The claimant agrees to provide all medical records, documentary support for any financial loss, and other information that may bear upon the claim. The company agrees to supply the owner’s manuals, schematic drawings of the premises, or any other limited items that might be useful. Settlement counsel will perform much of the investigation informally, or with the aid of his or her own professional investigators.

This limited investigation process leads to a mediation session with a mediator upon whom the parties can agree. One would want to select a mediator who will work hard for a settlement, and not a passive person.

Representatives for the parties will have a firm agreement that the parties share the cost of the mediator equally. That gives the claimant stakes in the mediation, so it won’t be taken lightly.


The EDR approach to claims requires a commitment from the company and its insurer, and significant trust among the defense team.

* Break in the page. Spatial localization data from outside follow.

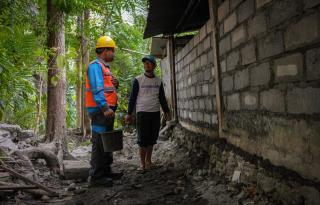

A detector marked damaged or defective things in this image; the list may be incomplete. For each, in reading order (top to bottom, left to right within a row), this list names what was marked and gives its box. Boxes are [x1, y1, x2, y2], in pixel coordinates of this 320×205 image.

damaged building [144, 0, 320, 202]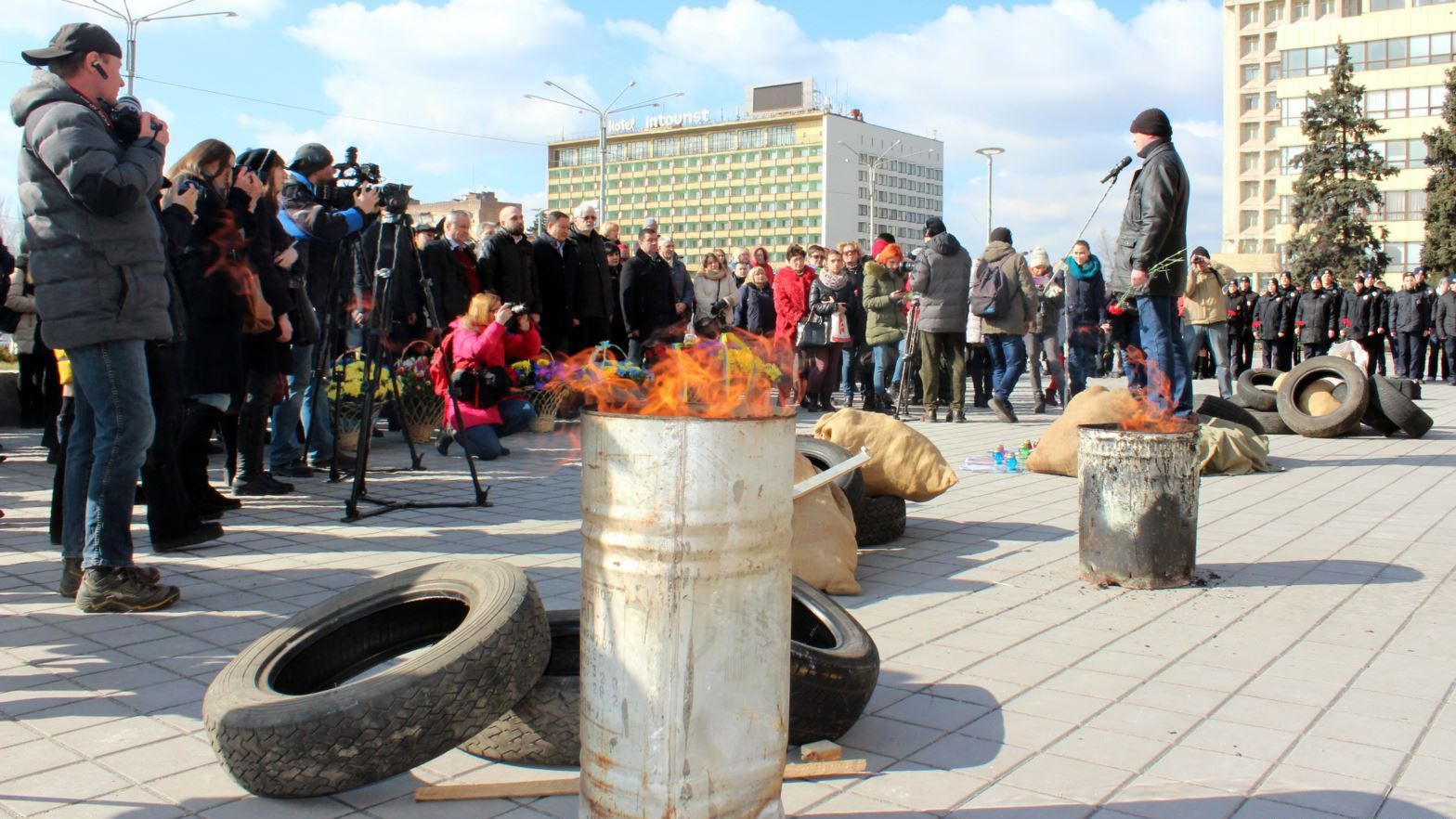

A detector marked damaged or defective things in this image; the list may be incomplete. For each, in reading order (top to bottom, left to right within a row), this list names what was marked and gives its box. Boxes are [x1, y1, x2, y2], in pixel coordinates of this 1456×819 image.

smaller rusty bin [1077, 419, 1200, 585]
rusty metal barrel [1077, 419, 1200, 585]
rusty metal barrel [576, 410, 791, 815]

There are several aspects to this method of addressing lawsuits that are designed to foster that trust.

It works well when the settlement counsel serves for a flat fee per case, instead of an hourly fee. Counsel then has no apparent reason to drag the case out beyond the self-imposed deadline of 60 days. The client’s interest in quickly resolving the case mirrors counsel’s own desire to do the same.

If the mediation is not successful, settlement counsel does not automatically become litigation counsel. The client could take the case to another lawyer for the litigation. Counsel is judged on his administration of a single effort -- getting the case settled quickly at a low overall cost.

We come into the legal system determined to find fairness. The business person’s mindset, though, is that while they want fairness, but they must have efficiency, above all. It would be nice if one could avoid paying any claims where the business is not at fault. But the primary focus of an early settlement program is to get out of the dispute right away, even if someone gets a couple of undeserved dollars.

When word gets out that you’re just handing out money, won’t every faker within a country mile line up to take your handout? This approach requires a true partnership between business and legal advisor. You count on your lawyer to know your business to evaluate the cases where an EDR approach works, and to recognize where the claimant is just taking advantage of you.

You fiercely fight the bogus claims to win, and to show you’re not a stooge, but you resolve the close calls to save the company money.

The business saves. That’s the bottom line.